What's Your Relationship Return on Investment?
by S4 Consulting
You know that you have to treat your customers right. Your competitors are offering them high product and service quality and continually trying to chip away at your share of their purchasing dollar. You've heard what it will take to develop and maintain strong customer relationships: customized offerings, preferred pricing, account management attention, and supporting information systems. All of that takes money and seems to eat away at your profit margins. You wonder, is it worth it?
The truth is, it may or may not be worth it, depending on the specific economics of each relationship. Fortunately you can determine whether it's worth it, in each case, by analyzing those economics in terms you're already comfortable with. All you have to do is consider your key account relationships as you do every other financial investment you make in your business. As long as the investment provides a sufficient financial return to you, you can make those investments with confidence.
Key account relationships are no different. RROI, or Relationship Return on Investment, is calculated the same way as a traditional return on investment. Just follow these four steps:
- The first thing you'll want to know to evaluate the purchase of a new piece of production equipment, or a computer, or any other business asset is the expected useful life of that asset. For how long can you expect the asset to produce value to your business? One way to evaluate the life of your customer relationships is by looking at the defection rates. How many customers do you lose each year? 30%? 20%? Your defection rate implies the life of your typical customer relationship-- a 30% defection rate implies an average customer relationship life of 3.5 years; a 20% defection rate suggests a 5 year average relationship life. By looking at your current defection rate, you can estimate the average useful life of your relationships for purposes of projecting costs and benefits for an investment analysis.
- If you were evaluating an investment in a new piece of equipment, the next thing you'd want to know is what kind of output you could expect it to produce. How many pieces will the new machine make per hour? What's the economic benefit produced by the investment? Key customer relationships are no different. The whole idea in a key account management program is to produce and protect a long lived business relationship between you and your customer--where your customer consistently comes back to you for the value you deliver to them. The longer that situation continues, the more valuable that relationship is to you. So, for your investment analysis, you need to estimate what the dollar amount of increased business, reduced marketing, selling and setup costs, and extra referral business will be for the estimated life of the relationship. The present value of this stream of revenues and benefits is the return part of your RROI calculation.

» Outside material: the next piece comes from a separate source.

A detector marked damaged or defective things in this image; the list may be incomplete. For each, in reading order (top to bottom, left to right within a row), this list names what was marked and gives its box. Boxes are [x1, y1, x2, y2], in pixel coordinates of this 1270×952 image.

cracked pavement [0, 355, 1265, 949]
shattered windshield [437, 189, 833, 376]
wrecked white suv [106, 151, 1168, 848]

- Obviously, the cost of your investment is a critical element in any investment analysis. What will the new equipment cost, including shipping and installation? What will the ongoing maintenance and operating costs be? The present value of these costs is the investment part of your RROI calculation. In a key account relationship, your costs are those incremental costs you incur to take special care of your most important customers. In this sense, preferred pricing, increased service levels and additional service delivery expenses are among the costs to be considered part of your investment in the relationship. Perhaps, for example, you decide that your key account managers can only properly manage 3 or 4 key account relationships instead of the 20 you now have assigned to them. The cost of the additional people required to make this change is part of your investment in the key account relationships.

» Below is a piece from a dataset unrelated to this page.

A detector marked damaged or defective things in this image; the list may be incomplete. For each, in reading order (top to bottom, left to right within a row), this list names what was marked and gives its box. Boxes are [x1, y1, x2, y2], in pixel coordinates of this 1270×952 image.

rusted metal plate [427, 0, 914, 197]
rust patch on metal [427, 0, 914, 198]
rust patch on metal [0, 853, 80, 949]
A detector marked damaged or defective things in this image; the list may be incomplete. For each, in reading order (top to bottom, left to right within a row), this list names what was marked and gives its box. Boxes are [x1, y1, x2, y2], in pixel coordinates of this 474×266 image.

- You're ready now to calculate your RROI. Just as in a traditional return on investment analysis, your RROI is a percentage calculated as Return/Investment. The resulting percentage can be compared to your cost of capital and alternative investment opportunities to determine whether it appears to be an attractive investment. Our experience is that you'll find investments in key customer relationships produce RROIs that far exceed most other business opportunities available.
We believe this kind of number crunching is important for top management to understand the importance of properly serving and managing key customer accounts. At first, the magnitude of staffing increases and service improvements necessary to compete for key accounts may be intimidating. But, putting those investments in terms that can be understood and compared to other business decisions will likely cause you to view them as defensible and prudent.